Suppose that you have a world with two players in it the chaser and the target. Suppose that the chaser moves slightly faster than the target. If you are the chaser and you know for a fact that the target is intelligent and trying not to get caught, what would be a good approach for chasing down and ultimately catching the target? (I'm leaving the details of the world a big vague, since I'm hoping to learn a general algorithm or family of techniques for solving this problem rather than optimizing too much on the structure of the world.)

Initially I figured that using something like Dijkstra's algorithm or A* and constantly recomputing the route as the target moved would be a good idea, but there may actually be a better solution that works by taking a more roundabout route so as to corner the target. This could also be modeled as a two-player game that could be solved with minimax or UCT, but the search space could be so huge that it would be completely infeasible to do any reasonable searches.

Has this problem been extensively studied? If so, is there a set of well-known techniques that could be used here?

Thanks!

(My apologies if this is a duplicate; I couldn't seem to find another question like this one, but if there is one I'd be happy to close this one).

Answer 1

Disclaimer : I do not have an extensive knowledge about the literature on this topic. However, I have done a few things like that in the past (namely, tracking the origin of a sound source)

The simple thing when you want to chase a target is to head directly toward it. This is what you did. However, the target will move in the meantime. So the algorithm is optimal only when the target does not move.

The first element of complexity we can have is that the target has a fixed trajectory (that is unknown to the chaser). I am pretty sure that if the trajectory of the target can be any kind of function, then there is no better algorithm than the previous simple one. However, you can always make some reasonable assumptions (the target's velocity can not change too quickly, i.e its acceleration is bounded) that allows you to come up with better algorithms.

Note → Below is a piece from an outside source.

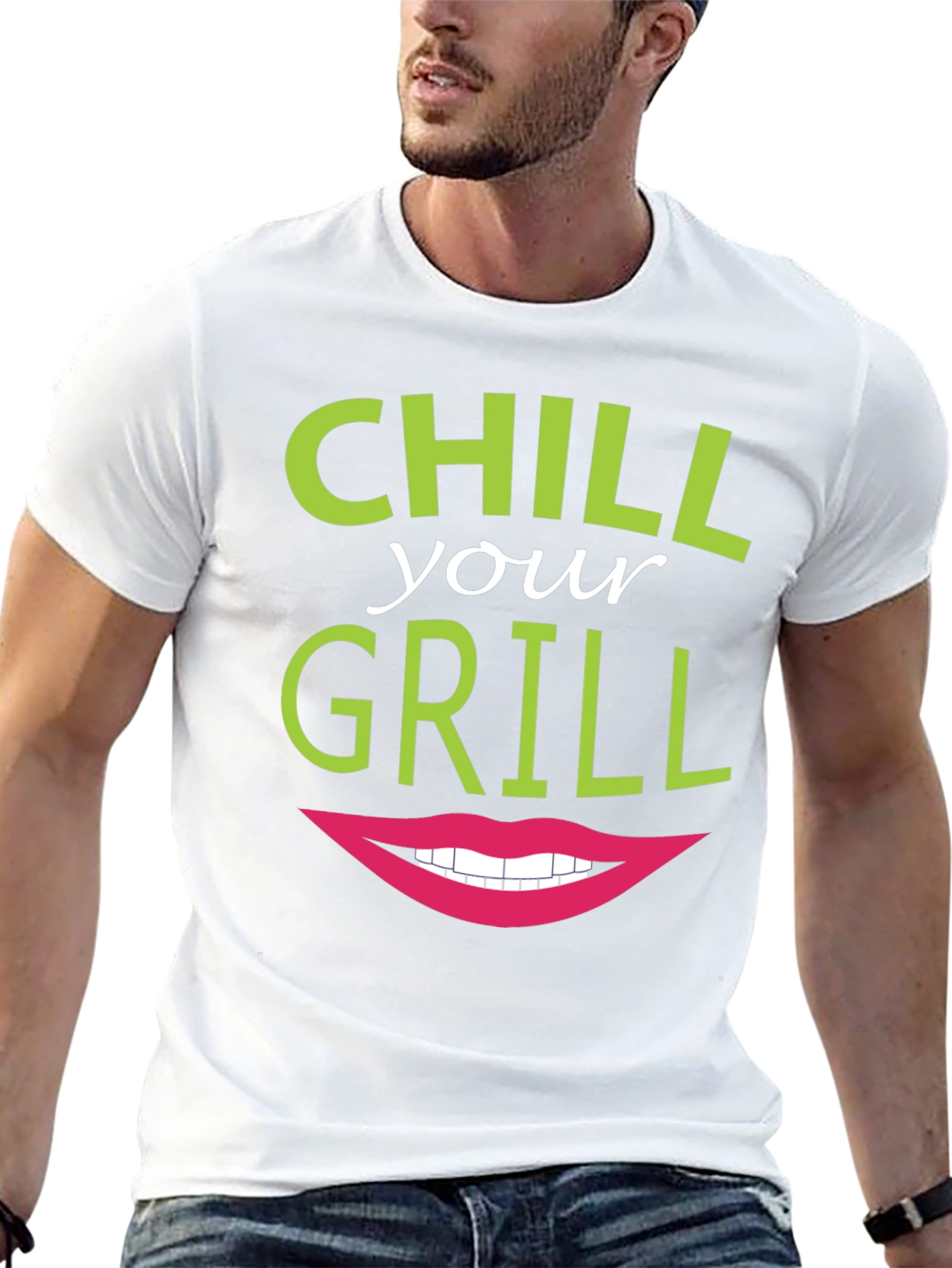 Chill Your Grill Funny Graphic T-Shirt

So, what I would do as a first move is to implement a Kalman filter. This gives you an estimate of the trajectory of the target. You can make some quick computations, and it will give you the trajectory the chaser should take to intercept it in minimal time.

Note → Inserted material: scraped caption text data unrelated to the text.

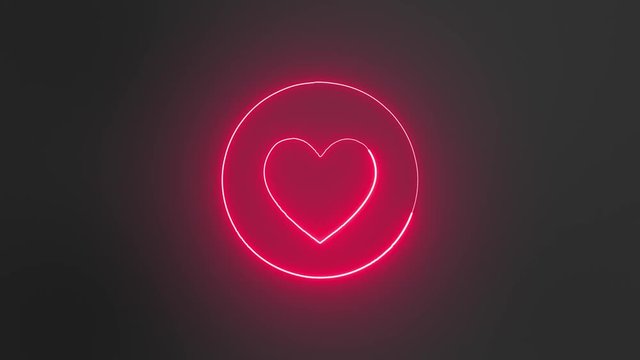Social Media Heart Icon Neon Light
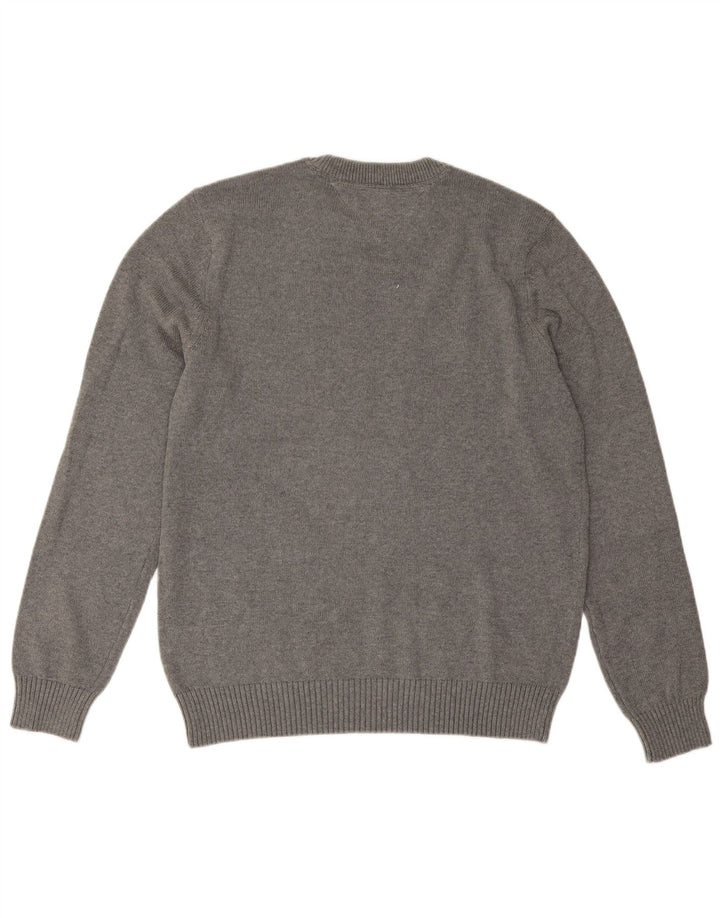 Tommy Hilfiger Herre Crew Neck Jumper Sweater Stor Grå Bomuld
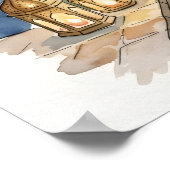 Indigo & Ochre Marokkaanse Hammam Waterverf Poster (Hoek)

Now, if you want something fancier (that I do not recommend for the moment), you can try to learn the trajectory of the target (but why would you want that? Kalman filters are often optimal). So you could estimate its trajectory with neural networks, with boosting algorithms, etc... But I honestly don't believe this would be useful.

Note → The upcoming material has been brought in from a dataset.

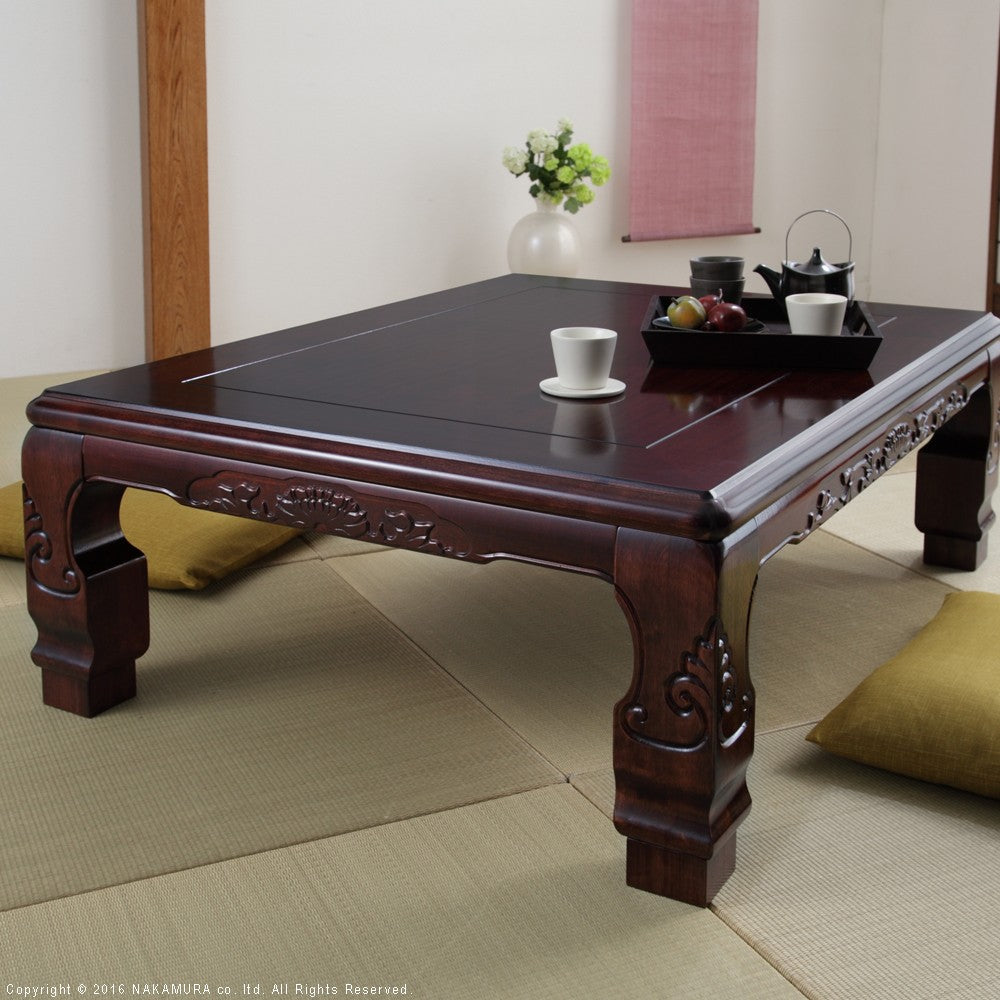 こたつ 長方形 和調継脚こたつ 120x90cm 紫檀 けやき 継ぎ脚 高さ調整 テーブル ローテーブル 天然木 日本製 リモートワーク 在宅ワーク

I said this is the first layer of complexity. The second layer of complexity would be to consider that the target adapts its trajectory according to what the chaser does. This would lead to some adversarial search. It might be interesting, but I am not enough confident in this topic to talk more about it.

Answer 2

Since you're looking for a wide variety of opinions, I'll summarize something I found astonishing from the Wikipedia article on the Sidewinder missile: early heat-seeking missiles tried to steer such that the target would remain in the center of their detector. This meant, in practice, that missiles tried to chase their targets. An important development in the Sidewinder missile is that it tries to stabilize the relative position of the target on its sensors. (Mariners have known for ages that a ship on a constant bearing is actually on a collision course.)

This improved algorithm tends to draw a straight line from the predator to the prey and provides good behavior when the prey tries to evade. (Every curve the prey takes gives the predator another shortcut.)